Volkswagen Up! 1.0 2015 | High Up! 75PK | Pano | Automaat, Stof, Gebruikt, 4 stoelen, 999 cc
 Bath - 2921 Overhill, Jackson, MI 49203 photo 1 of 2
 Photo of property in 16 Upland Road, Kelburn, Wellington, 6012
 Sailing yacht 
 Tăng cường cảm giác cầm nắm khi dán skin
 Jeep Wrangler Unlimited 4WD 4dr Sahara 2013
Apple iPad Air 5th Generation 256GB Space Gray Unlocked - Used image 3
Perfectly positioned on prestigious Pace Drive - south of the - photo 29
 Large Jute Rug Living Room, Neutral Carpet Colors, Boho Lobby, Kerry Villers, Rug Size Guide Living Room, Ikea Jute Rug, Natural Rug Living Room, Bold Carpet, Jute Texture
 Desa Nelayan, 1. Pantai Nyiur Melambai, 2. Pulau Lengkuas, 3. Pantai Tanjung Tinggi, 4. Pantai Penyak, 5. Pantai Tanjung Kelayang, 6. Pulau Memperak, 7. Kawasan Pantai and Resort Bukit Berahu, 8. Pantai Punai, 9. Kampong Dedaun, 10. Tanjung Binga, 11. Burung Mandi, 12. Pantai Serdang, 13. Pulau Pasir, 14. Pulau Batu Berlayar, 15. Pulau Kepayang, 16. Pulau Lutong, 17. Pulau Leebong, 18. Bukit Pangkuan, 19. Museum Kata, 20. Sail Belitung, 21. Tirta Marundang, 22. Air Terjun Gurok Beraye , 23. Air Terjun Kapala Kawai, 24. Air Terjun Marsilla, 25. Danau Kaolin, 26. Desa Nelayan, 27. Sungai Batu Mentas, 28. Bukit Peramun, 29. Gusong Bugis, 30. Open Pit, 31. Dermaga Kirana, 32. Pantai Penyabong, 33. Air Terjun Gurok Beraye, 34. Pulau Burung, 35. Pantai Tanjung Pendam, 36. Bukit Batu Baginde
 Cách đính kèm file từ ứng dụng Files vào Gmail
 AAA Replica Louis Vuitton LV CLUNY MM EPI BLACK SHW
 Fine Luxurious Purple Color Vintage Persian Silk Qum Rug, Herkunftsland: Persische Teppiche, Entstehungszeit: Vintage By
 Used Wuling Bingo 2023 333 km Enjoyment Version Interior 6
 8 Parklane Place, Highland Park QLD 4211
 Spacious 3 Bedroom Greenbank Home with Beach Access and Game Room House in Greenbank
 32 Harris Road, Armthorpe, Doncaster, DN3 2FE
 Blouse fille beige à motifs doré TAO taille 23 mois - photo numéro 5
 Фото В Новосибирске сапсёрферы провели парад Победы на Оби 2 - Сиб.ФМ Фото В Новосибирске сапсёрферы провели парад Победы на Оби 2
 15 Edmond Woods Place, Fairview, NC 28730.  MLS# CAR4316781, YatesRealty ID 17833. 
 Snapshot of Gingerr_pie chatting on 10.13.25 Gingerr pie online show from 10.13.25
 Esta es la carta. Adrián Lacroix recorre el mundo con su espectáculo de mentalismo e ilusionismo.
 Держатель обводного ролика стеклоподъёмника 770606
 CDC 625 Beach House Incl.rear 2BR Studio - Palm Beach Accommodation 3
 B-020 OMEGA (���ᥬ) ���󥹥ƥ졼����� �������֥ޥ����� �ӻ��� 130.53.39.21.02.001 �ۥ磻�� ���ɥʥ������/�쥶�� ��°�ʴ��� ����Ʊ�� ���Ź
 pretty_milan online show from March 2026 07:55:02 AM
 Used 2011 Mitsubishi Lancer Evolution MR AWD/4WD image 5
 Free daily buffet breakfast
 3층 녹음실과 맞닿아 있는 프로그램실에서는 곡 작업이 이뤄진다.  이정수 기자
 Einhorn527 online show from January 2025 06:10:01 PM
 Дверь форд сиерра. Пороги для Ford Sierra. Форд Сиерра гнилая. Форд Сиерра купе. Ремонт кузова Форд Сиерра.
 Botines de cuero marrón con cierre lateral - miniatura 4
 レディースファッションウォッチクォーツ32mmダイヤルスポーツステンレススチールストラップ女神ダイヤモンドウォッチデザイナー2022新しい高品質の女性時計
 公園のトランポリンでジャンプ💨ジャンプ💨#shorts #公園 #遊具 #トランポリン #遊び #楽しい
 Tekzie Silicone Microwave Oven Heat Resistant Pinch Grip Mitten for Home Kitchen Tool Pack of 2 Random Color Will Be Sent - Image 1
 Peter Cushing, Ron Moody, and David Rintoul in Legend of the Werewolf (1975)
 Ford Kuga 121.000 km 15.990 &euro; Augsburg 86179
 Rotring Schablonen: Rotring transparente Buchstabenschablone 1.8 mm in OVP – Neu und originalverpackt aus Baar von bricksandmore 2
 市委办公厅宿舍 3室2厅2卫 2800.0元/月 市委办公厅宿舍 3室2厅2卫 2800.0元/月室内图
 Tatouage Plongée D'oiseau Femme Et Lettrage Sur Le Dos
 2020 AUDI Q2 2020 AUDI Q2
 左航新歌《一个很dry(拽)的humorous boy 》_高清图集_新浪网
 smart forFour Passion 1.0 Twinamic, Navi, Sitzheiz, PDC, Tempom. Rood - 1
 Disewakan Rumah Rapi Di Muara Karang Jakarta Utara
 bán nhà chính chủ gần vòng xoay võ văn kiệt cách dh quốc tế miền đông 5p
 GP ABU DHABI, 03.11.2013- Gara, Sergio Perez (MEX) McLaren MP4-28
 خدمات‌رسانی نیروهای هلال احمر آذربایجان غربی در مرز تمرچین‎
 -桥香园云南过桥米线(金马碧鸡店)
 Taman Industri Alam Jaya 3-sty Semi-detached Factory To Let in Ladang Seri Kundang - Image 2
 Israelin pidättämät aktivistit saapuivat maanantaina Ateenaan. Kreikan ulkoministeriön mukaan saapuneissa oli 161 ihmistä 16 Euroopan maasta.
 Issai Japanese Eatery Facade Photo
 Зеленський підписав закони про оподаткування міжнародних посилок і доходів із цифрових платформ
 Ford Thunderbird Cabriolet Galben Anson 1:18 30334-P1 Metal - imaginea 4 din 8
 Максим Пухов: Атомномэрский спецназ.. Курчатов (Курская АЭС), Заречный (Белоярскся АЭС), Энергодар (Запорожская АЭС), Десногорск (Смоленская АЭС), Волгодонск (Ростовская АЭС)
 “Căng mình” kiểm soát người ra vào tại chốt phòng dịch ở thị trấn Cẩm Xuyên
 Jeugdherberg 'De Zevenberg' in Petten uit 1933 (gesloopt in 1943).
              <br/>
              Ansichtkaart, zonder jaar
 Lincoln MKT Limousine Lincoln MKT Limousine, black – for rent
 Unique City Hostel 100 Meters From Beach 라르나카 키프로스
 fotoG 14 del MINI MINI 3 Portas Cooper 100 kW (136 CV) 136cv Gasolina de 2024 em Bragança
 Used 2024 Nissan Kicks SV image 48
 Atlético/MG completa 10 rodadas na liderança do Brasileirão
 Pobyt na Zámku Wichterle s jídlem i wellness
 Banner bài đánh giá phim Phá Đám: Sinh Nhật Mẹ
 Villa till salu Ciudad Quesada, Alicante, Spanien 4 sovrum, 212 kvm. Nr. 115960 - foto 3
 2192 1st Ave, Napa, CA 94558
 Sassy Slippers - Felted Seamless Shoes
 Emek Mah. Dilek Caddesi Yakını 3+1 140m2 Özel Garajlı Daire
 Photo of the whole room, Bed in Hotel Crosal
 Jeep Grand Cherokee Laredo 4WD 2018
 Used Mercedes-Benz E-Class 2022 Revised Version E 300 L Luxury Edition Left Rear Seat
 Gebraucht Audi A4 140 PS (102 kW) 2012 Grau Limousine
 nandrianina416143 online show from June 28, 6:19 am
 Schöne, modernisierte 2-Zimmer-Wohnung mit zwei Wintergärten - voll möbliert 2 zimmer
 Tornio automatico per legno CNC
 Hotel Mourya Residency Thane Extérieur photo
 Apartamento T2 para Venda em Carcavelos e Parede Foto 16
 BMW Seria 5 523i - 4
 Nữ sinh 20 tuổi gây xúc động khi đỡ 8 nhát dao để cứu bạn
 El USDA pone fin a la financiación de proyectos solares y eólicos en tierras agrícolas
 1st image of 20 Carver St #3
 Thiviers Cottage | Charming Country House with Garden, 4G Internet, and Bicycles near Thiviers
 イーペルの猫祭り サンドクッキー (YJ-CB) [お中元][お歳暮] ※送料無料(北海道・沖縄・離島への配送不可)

□ □ □

▶ Activity: Scan the entries above and copy each line where "with" occurs.

▶ Expected answer:
 Spacious 3 Bedroom Greenbank Home with Beach Access and Game Room House in Greenbank
 Thiviers Cottage | Charming Country House with Garden, 4G Internet, and Bicycles near Thiviers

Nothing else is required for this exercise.